* PROBLEM TO WORK ON *
Using the data below, return word for word every line from the one holding "[Picture: late Roman stone coffin]" down to the one holding "Hotel Soleado - Taormina - Balkon". Leave pictures out.

* RECORDS SUPPLIED *
↓

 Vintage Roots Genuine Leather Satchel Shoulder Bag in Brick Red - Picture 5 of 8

↑
↓

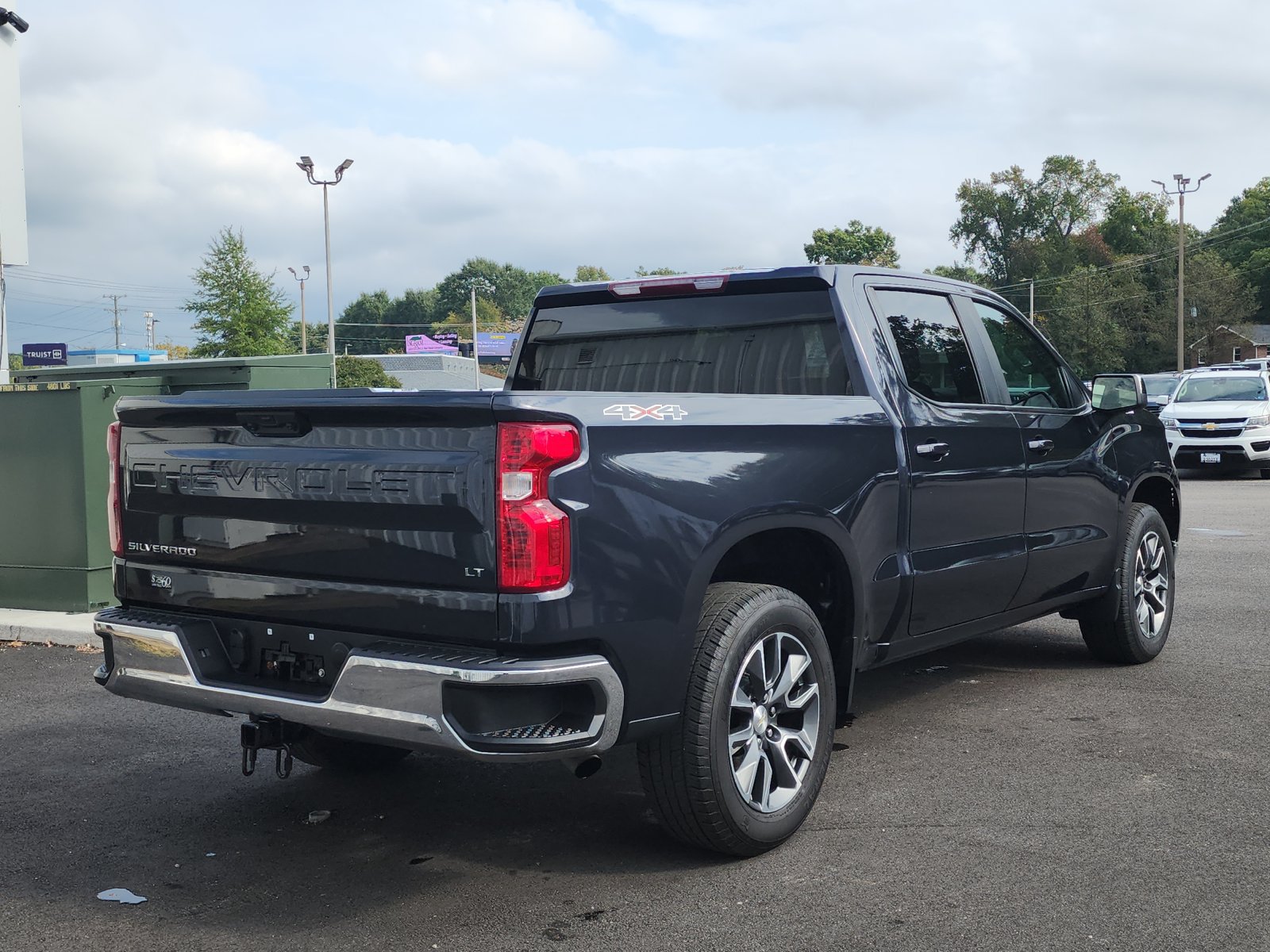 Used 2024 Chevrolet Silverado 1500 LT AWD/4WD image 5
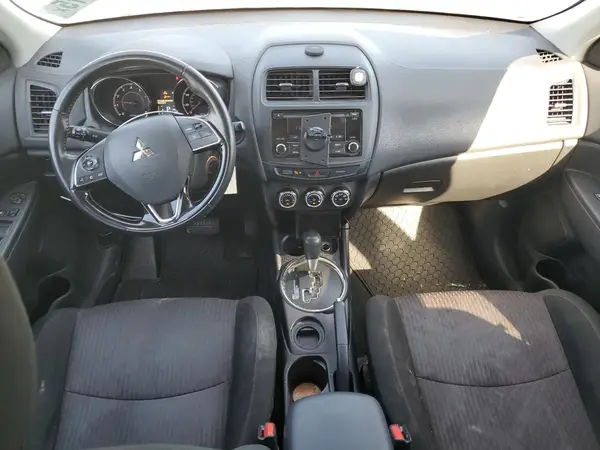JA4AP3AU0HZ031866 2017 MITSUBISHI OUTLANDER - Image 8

↑
↓

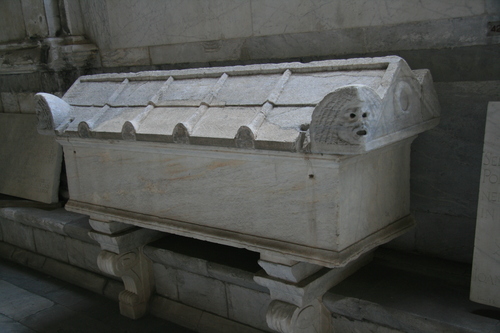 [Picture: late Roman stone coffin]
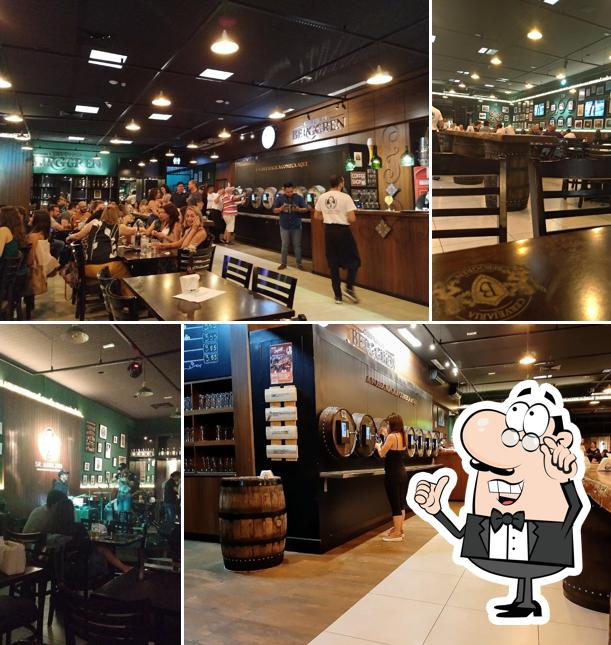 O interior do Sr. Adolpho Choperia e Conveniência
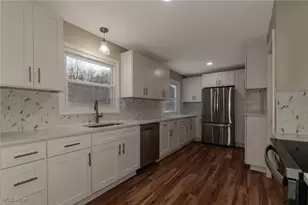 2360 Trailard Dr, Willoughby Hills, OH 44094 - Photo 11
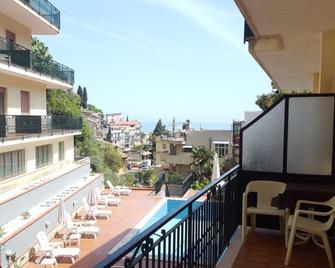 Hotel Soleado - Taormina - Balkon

↑

* TASK OUTPUT *
 [Picture: late Roman stone coffin]
 O interior do Sr. Adolpho Choperia e Conveniência
 2360 Trailard Dr, Willoughby Hills, OH 44094 - Photo 11
 Hotel Soleado - Taormina - Balkon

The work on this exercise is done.